Running Away my Thoughts

The world as I know it is extremely alive and ever changing. The more I try to grasp the rhythm and make sense of the world around me, the more it slips through my finger tips. For example, most days I go for a run, sometimes at night and sometimes during the day.

At night, I often feel alive and inspirational. The coldness is invigorating and the crisp air feels good in the lungs. My mind is clear, my pace is moderate. I run, picturing the great thinkers of the past looking up at the the same stars in which I gaze. Soldiers, philosophers, explorers, mathematicians, and mystics; everyone has gazed at the same stars.

It is wondrous how we have formulated ideas about the largest objects known to man, how we could realize that no, we are not the center of the universe. What an ego blow.

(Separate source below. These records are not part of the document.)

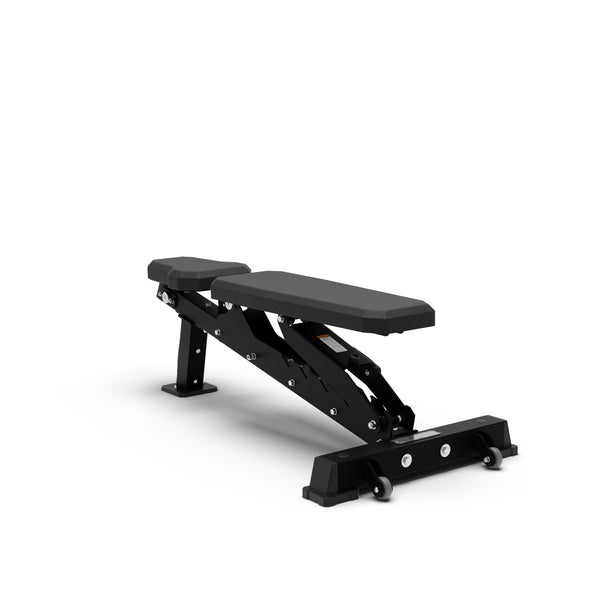 JORDAN® Adjustable Weight Bench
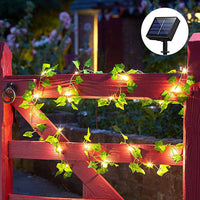 Solar Led Outdoor Garden Decorative Light - Fun Gifts & More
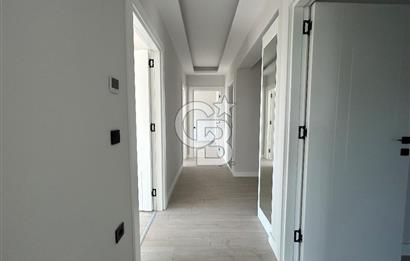 AKPINAR AK YÜKSELEN ZİRVE 4 SİTESİNDE 3+1 KİRALIK DAİRE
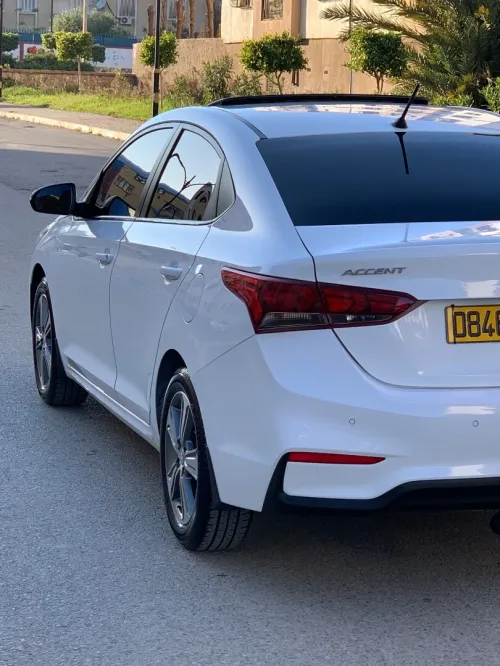 Hyundai Accent 2019 GL+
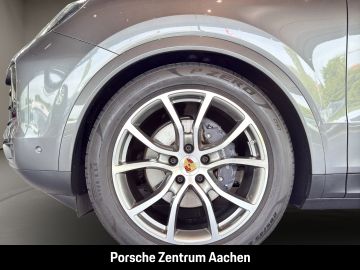 Porsche Cayenne - 10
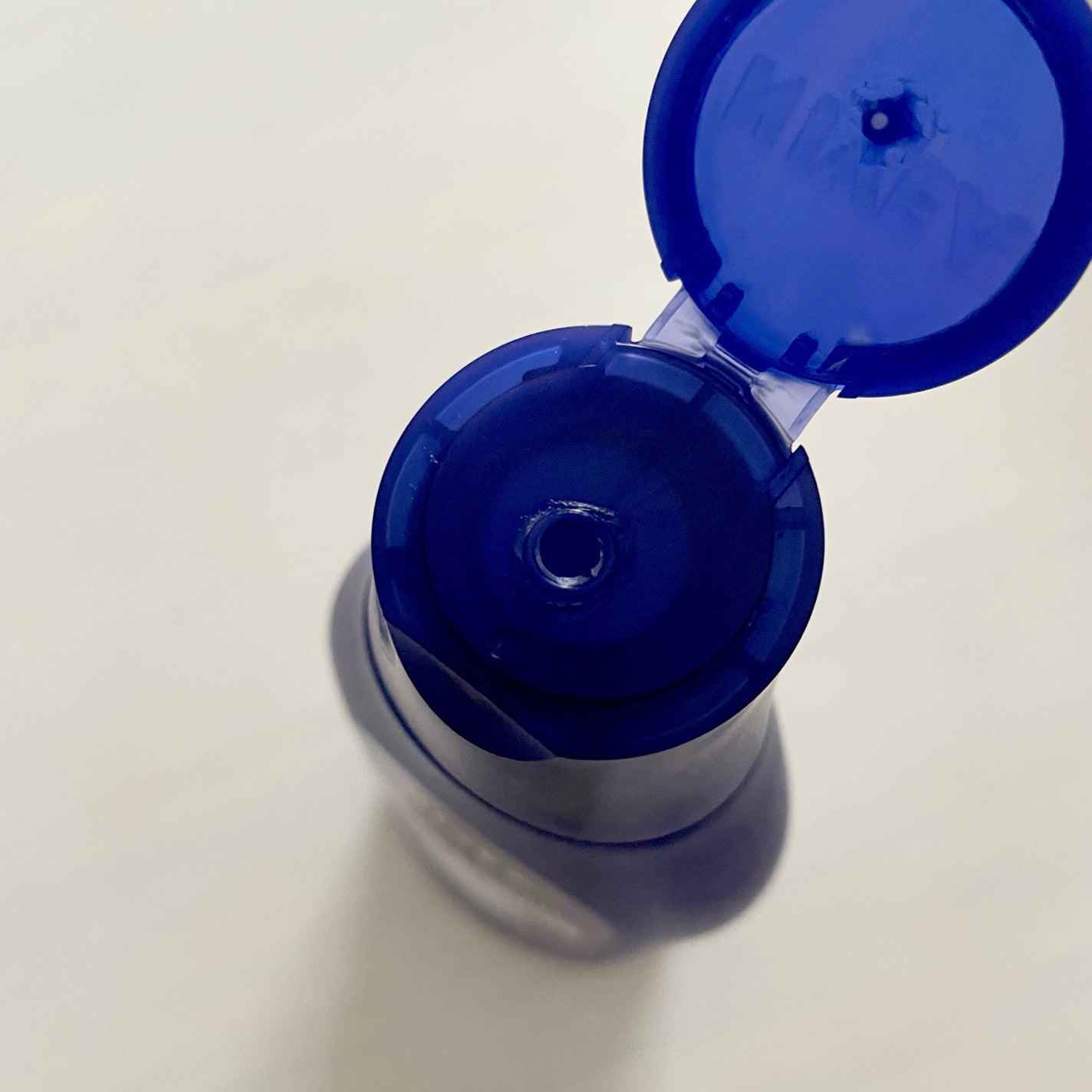 ニベア スキンミルク さっぱり やさしいフローラルの香り/ニベア/ボディミルクを使ったクチコミ(3枚目)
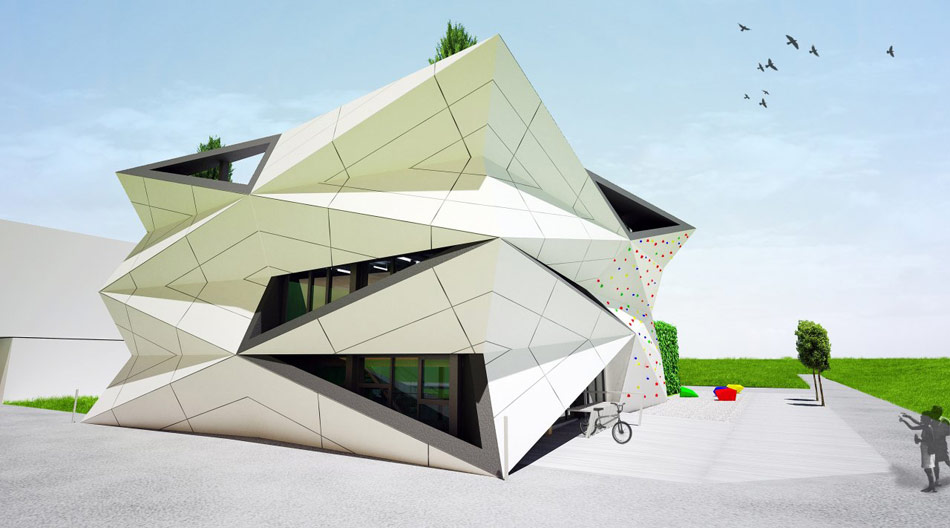 atrium studio heat exchanger važecká 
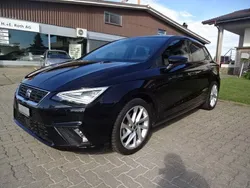Gebraucht 2023 Seat Ibiza FR | CHF 23’950 (Fairer Preis)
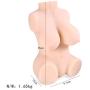 Male Self Pleasure Toy Men Toys Hands Free Massage Tool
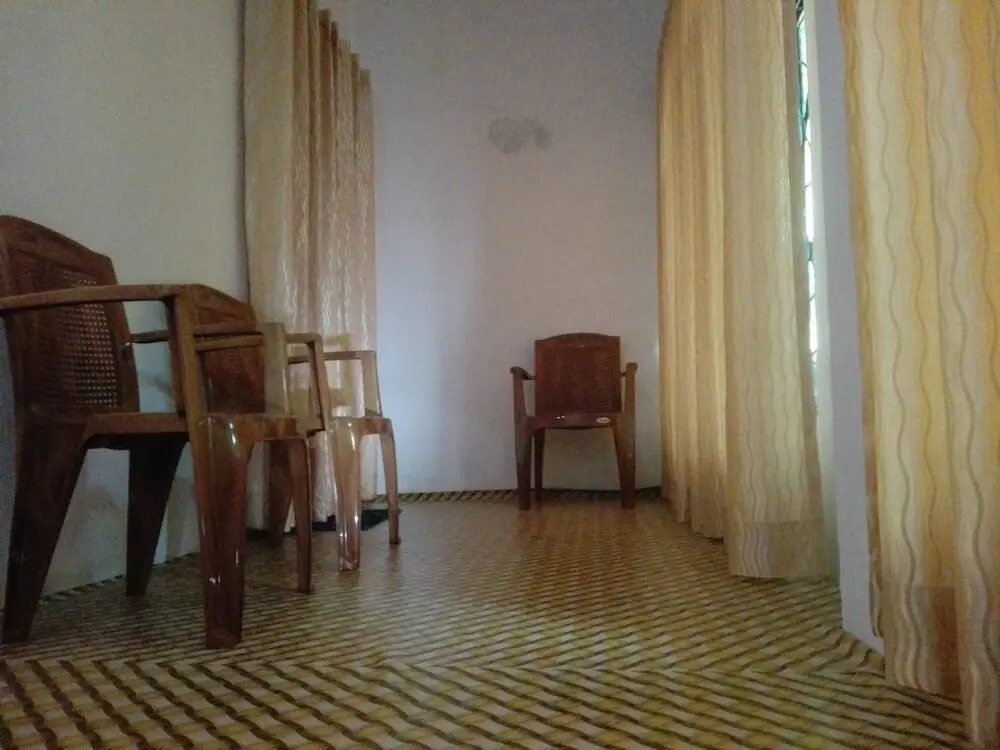 Элла: New Green View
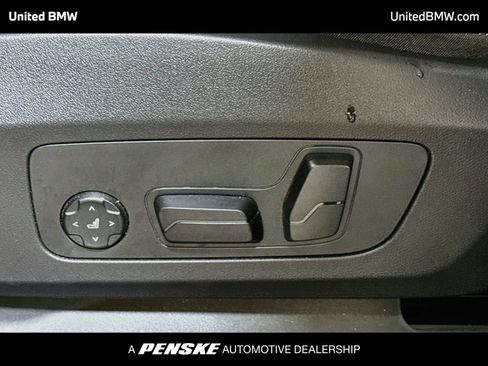 Certified 2026 BMW X1 xDrive28i AWD/4WD image 4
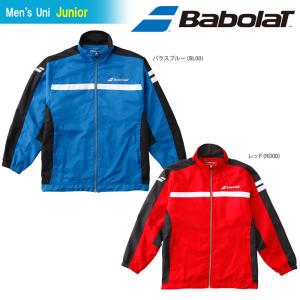 バボラ Babolat テニスウェア ジュニア ウインドジャケット Btjmjk00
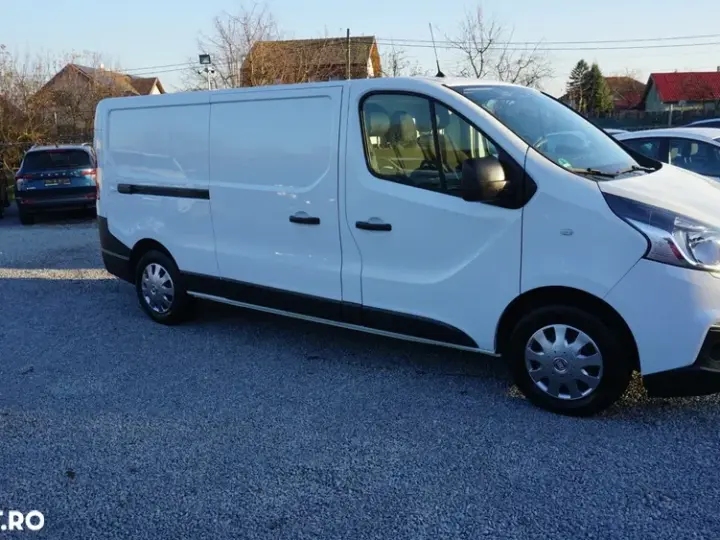 FIAT TALENTO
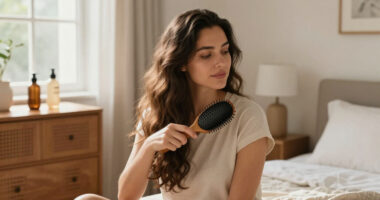 Bachca: A French Beauty Tool Brand Known For Its Hairbrushes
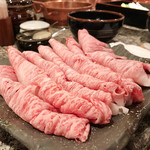 Shabu tei - 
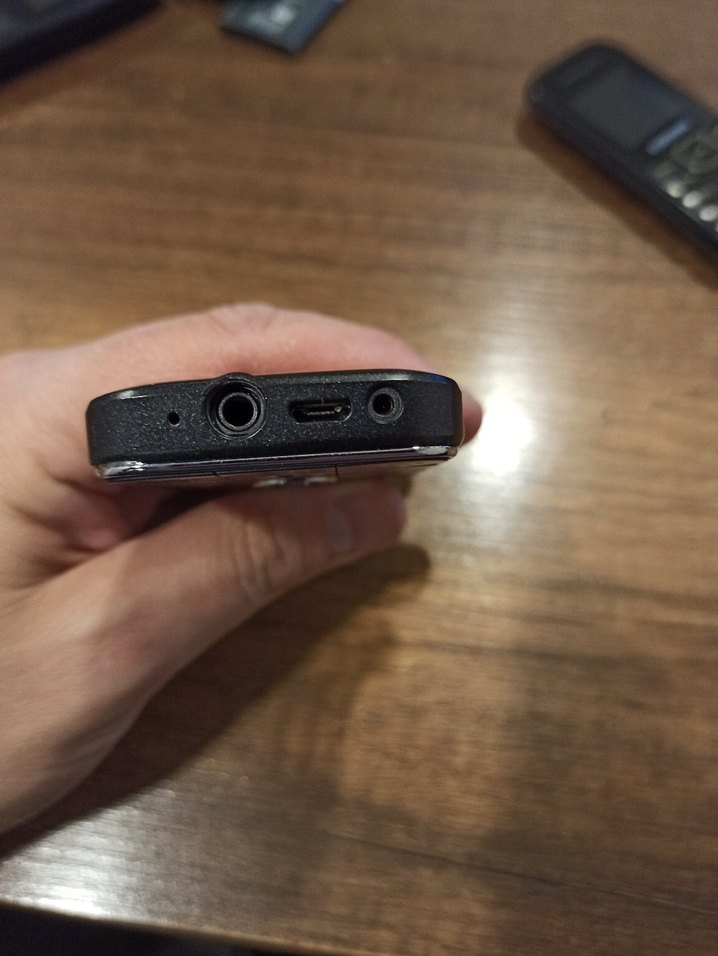 Nokia C3 Batarya yok - Görsel 5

If I had lived in that era, I would have denied it from the beginning as well.

What am I denying today in my life? What ideas have I put at the center of my universe?

My runs during the day are quite the opposite. The warmth of the sun, the smell of the grass in the breeze, and the world alive around me with life that is constantly in the cycle of retaining and expelling energy. It brings my body into a more animalistic mode, as I feel alive with every warm breath that I take. My natural instincts are excited, where my mind and body work as one to sustain the endurance to work through the hardships of the road and sun. Instead of being inspirational, I’m in survival mode with every thought being focused to sustain my body in the harsh environment and heat. After these runs, its almost hard to go back to everyday life, where our minds do most of the work and our physical bodies are there to manipulate the objects that make our lives easier.

I guess the bottom line I’m trying to come down to is the fact that my mind and body appear to be so separate at times that I often think to myself that they are indeed separate. It is hard to constantly stay focused and filter out my typical behaviors in which I create the same reality each day. Creating new experiences is probably the best feeling in the world, and I wish that I could constantly keep my state of mind and body open to the creation. Every time, however, I get close to reaching full awareness or comprehension, where my body and mind really fall into the same category of full consciousness, I lose it.

What the Bleep do we Know!?

Today I finished the book based off the documentary What the Bleep do we Know!?. Though it was though provoking, it seemed to make great leaps and connections based off of circumstantial experiments and wishy-washy theories. I enjoyed the read due to the writers dumbing down most of the physics and other concepts for the average reader’s comprehension, but at times wished that they would delve much deeper than they did.

As a recent newcomer to modern physics and quantum mechanics, the physics concepts presented did not seem at all as revolutionary as they presented them, but the summary of the way that the brain works was stimulating. It allowed me to think deeper into the way that I formulate my thoughts and how I interpret the sensory information that I am receiving from the world around me. It also brought into question alot of the beliefs that I took for granted prior to watching the movie and reading the book. What are the paradigms that I take for granted? Why are we here?